The truth is that Congress does not need the CRA to repeal a regulation. Congress can roll back rules through the normal legislative process. When popular protections that save lives and protect working families and consumers are on the line, there is no reason to give opponents a shortcut to repealing them. That is the essence of rigged system.
The second reason to repeal the CRA is that it is so poorly drafted and vague that members of Congress cannot agree on how to interpret the plain language of the bill. For example, the CRA prohibits agencies from reissuing rules that are “substantially the same” as any rule overturned under the law, unless Congress passes a new law reauthorizing the rule. This draconian element of the CRA is one of the main reasons it should never have been used.
Yet everyone seems to have a different opinion of what “substantially the same” means. For example, when U.S. Senator John McCain (R-Ariz.) shocked Republicans by voting against a CRA resolution targeting methane waste regulations, he stated that it was because he feared this provision would have prevented the U.S. Department of the Interior from making improvements to the methane rule. On the other hand, U.S. Senator Rob Portman (R-Ohio) read the exact same language in the opposite way, arguing that the Interior Department would be able to produce another rule that restricts methane waste.
When different senators from the same party read the same legislation and come to opposite conclusions as to what it means, it is a clear sign that the law is poorly designed and needs to be scrapped. The SCRAP Act would clarify that agencies can reissue the rules that were previously overturned under the CRA.
If we need one final reason to get rid of the CRA, it is that some conservatives are proposing to take advantage of the CRA’s vagueness to expand significantly the list of potential targets for repeal. They have spawned a madcap legal theory that regulatory actions from many years ago could be overturned through the CRA’s expedited process if agencies did not submit their rules to Congress.

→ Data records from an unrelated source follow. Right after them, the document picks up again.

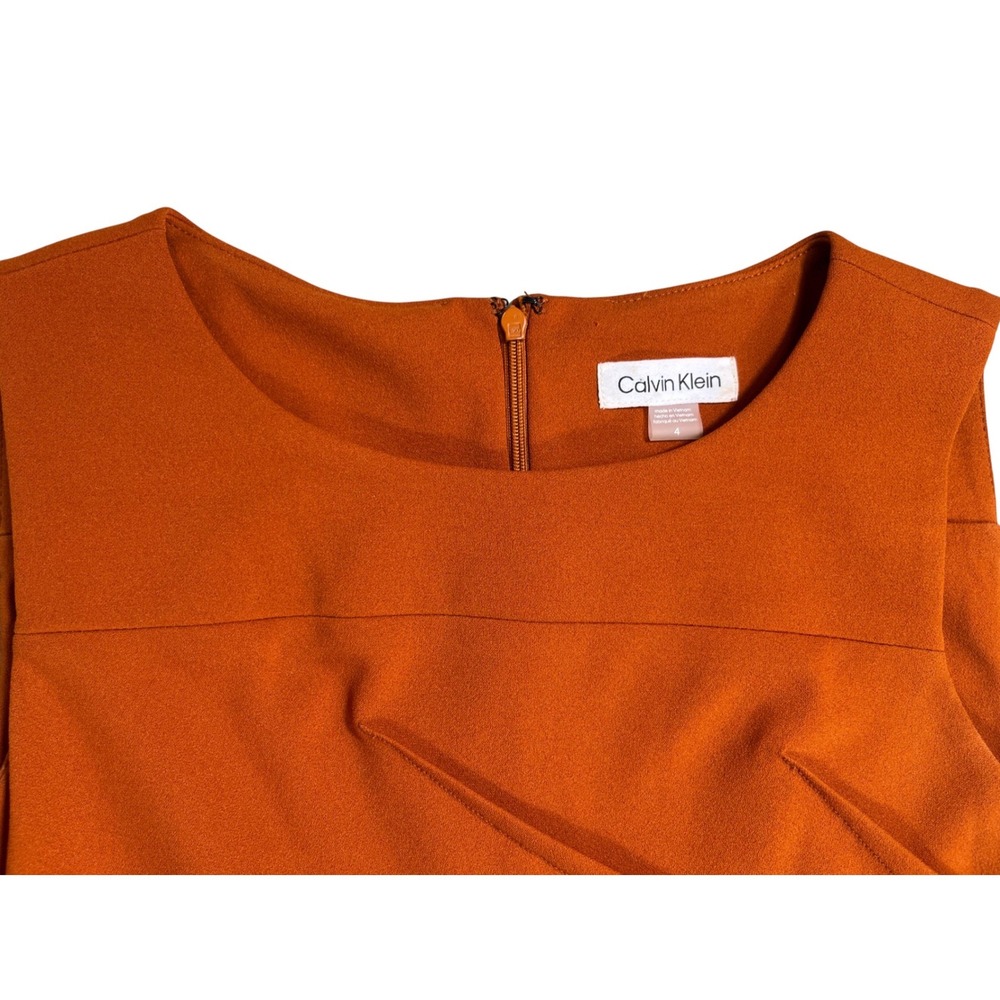 Calvin Klein Orange Pleated Sheath Dress Womens Size 4 Sleeveless Career Midi - Picture 3 of 3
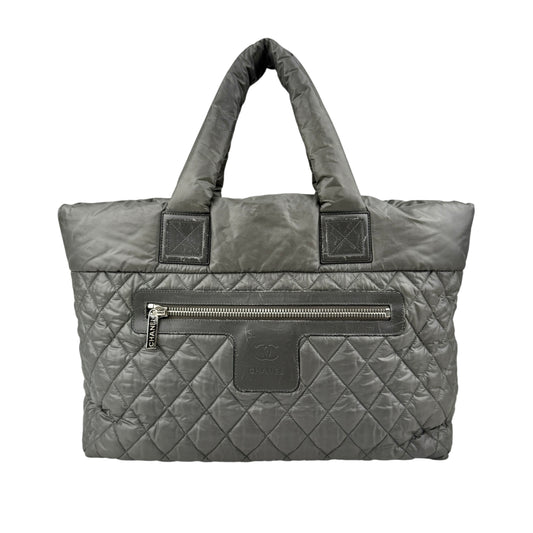 chanel coco cocoon nylon khaki tote bag back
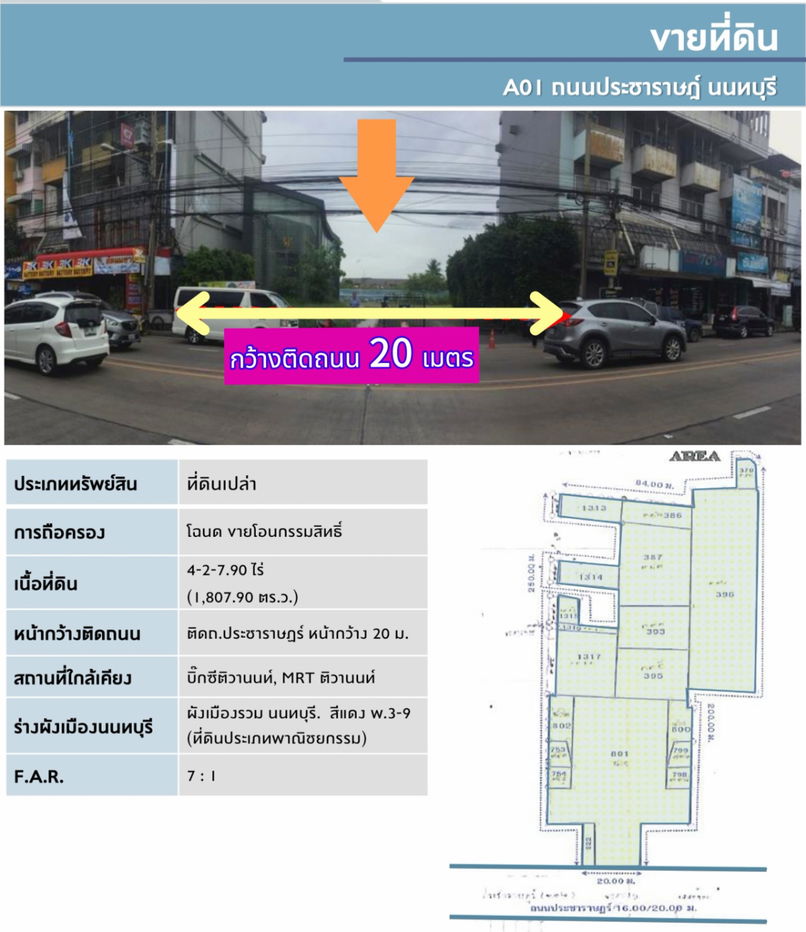 รูป ขายที่ดินจังหวัดนนทบุรีติดถนนประชาราษฎร์ พื้นที่ 4-2-7.9ไร่  - รูปที่ 1/3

This flies in the face of clear congressional intent that the CRA would be used only to challenge recently issued rules. Indeed, the new theory rests on a dubious assumption: that the failure to comply with a minor paperwork requirement in the CRA is as crucial to the validity of a regulation as the years, even decades, of resource-intensive analysis, public comment, and reasoned justifications that went into developing the regulation in the first place. It is also a remarkable coincidence that we are hearing about this theory for the first time at the same moment that Republicans in Washington would be able to act on it. It is a cynical calculation that, now that the GOP controls both chambers of Congress and the presidency, the CRA should be stretched far beyond its original intent to exploit the favorable political circumstances and get rid of public protections that industry has wanted to cut for years.
The CRA was not a good idea to begin with, and the public is paying a steep price for its use. It is time to scrap the CRA.